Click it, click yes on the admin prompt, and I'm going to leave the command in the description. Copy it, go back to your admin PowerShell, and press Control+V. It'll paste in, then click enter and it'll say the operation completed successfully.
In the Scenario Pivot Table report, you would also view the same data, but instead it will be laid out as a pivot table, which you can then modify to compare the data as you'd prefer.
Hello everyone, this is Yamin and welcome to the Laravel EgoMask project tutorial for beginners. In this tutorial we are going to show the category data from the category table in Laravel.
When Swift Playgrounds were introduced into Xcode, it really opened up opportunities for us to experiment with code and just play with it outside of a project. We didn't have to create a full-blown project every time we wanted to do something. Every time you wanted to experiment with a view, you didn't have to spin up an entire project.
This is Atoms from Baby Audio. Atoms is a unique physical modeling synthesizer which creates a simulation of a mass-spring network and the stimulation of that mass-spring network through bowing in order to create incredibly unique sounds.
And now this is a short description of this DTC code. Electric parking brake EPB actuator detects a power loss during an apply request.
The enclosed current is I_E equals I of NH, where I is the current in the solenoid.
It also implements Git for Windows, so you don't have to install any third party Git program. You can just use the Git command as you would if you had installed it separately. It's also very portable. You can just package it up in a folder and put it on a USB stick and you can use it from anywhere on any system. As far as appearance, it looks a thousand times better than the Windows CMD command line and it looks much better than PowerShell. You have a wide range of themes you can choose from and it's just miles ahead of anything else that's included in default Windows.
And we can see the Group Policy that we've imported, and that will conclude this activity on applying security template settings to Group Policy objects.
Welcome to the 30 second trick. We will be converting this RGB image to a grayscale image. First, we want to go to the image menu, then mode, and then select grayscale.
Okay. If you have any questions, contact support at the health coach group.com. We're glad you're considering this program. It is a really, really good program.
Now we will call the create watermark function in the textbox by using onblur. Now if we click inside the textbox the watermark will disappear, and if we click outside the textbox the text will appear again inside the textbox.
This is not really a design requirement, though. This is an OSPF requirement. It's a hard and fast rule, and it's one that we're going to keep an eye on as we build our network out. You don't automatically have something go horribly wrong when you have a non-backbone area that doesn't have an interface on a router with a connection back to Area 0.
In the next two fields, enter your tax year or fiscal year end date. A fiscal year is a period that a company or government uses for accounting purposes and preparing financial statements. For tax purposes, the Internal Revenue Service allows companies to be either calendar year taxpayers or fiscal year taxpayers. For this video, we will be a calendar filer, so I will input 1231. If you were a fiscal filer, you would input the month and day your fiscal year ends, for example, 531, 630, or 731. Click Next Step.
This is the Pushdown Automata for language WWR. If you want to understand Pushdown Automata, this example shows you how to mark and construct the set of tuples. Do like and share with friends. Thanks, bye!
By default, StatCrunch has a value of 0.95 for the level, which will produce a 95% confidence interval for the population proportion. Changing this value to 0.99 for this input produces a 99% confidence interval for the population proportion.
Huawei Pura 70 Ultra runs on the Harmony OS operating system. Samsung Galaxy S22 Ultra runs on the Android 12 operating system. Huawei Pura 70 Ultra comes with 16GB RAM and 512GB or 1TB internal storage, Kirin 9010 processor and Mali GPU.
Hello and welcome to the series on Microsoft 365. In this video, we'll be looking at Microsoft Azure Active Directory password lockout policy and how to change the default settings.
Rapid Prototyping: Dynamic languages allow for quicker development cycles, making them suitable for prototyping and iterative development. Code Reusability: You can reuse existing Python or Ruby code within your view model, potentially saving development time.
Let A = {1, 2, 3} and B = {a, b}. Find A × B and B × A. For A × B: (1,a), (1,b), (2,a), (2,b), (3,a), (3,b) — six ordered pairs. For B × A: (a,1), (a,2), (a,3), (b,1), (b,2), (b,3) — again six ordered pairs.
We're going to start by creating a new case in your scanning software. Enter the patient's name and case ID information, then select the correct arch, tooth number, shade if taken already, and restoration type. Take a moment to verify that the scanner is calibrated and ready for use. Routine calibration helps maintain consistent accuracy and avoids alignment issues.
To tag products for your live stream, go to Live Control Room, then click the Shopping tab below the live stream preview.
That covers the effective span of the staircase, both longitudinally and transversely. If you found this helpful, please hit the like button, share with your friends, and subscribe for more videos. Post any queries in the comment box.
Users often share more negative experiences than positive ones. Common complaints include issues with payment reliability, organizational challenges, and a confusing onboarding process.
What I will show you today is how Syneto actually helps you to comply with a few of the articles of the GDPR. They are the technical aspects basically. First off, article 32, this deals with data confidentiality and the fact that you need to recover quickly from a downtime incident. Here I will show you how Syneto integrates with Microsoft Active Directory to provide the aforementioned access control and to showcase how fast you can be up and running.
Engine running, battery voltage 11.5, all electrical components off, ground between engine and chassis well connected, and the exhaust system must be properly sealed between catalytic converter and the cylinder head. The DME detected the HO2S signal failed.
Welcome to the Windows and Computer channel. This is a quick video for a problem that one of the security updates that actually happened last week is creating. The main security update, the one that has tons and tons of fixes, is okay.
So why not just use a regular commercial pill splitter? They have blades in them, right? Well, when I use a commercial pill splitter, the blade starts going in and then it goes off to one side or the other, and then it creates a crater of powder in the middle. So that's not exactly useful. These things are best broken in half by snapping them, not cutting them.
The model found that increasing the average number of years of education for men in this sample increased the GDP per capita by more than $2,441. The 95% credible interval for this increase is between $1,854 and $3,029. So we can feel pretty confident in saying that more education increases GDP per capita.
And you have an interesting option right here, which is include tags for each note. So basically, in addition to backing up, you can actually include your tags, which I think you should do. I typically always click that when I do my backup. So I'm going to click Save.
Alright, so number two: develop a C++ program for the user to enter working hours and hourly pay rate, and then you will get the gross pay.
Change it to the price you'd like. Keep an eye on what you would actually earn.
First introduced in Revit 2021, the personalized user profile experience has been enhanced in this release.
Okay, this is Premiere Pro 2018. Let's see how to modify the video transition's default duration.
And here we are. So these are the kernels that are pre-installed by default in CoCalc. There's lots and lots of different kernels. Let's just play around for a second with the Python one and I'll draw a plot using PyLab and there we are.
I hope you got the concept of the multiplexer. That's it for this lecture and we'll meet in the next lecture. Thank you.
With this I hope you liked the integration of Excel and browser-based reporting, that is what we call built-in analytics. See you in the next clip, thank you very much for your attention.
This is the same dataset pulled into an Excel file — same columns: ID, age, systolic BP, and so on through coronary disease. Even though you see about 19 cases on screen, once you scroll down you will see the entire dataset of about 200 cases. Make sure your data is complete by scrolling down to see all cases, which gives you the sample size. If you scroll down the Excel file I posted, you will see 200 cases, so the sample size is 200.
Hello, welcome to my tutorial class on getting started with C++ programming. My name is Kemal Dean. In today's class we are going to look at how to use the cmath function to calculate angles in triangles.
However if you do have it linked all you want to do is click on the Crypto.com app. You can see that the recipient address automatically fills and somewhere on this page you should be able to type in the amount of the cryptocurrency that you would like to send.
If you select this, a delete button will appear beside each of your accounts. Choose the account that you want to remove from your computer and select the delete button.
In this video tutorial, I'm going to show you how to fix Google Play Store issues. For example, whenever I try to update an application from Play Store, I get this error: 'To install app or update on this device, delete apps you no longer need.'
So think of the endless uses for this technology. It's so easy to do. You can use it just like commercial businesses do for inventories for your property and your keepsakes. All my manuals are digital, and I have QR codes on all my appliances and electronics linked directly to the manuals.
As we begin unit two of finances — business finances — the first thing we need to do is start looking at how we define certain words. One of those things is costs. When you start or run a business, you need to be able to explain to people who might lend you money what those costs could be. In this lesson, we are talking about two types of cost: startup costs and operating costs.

> [What to work on] Within the listing above, locate the line containing "It also implements" and the line containing "This is not". Reproduce those two lines and all lines between them exactly, with nothing added.

> [Response area]
It also implements Git for Windows, so you don't have to install any third party Git program. You can just use the Git command as you would if you had installed it separately. It's also very portable. You can just package it up in a folder and put it on a USB stick and you can use it from anywhere on any system. As far as appearance, it looks a thousand times better than the Windows CMD command line and it looks much better than PowerShell. You have a wide range of themes you can choose from and it's just miles ahead of anything else that's included in default Windows.
And we can see the Group Policy that we've imported, and that will conclude this activity on applying security template settings to Group Policy objects.
Welcome to the 30 second trick. We will be converting this RGB image to a grayscale image. First, we want to go to the image menu, then mode, and then select grayscale.
Okay. If you have any questions, contact support at the health coach group.com. We're glad you're considering this program. It is a really, really good program.
Now we will call the create watermark function in the textbox by using onblur. Now if we click inside the textbox the watermark will disappear, and if we click outside the textbox the text will appear again inside the textbox.
This is not really a design requirement, though. This is an OSPF requirement. It's a hard and fast rule, and it's one that we're going to keep an eye on as we build our network out. You don't automatically have something go horribly wrong when you have a non-backbone area that doesn't have an interface on a router with a connection back to Area 0.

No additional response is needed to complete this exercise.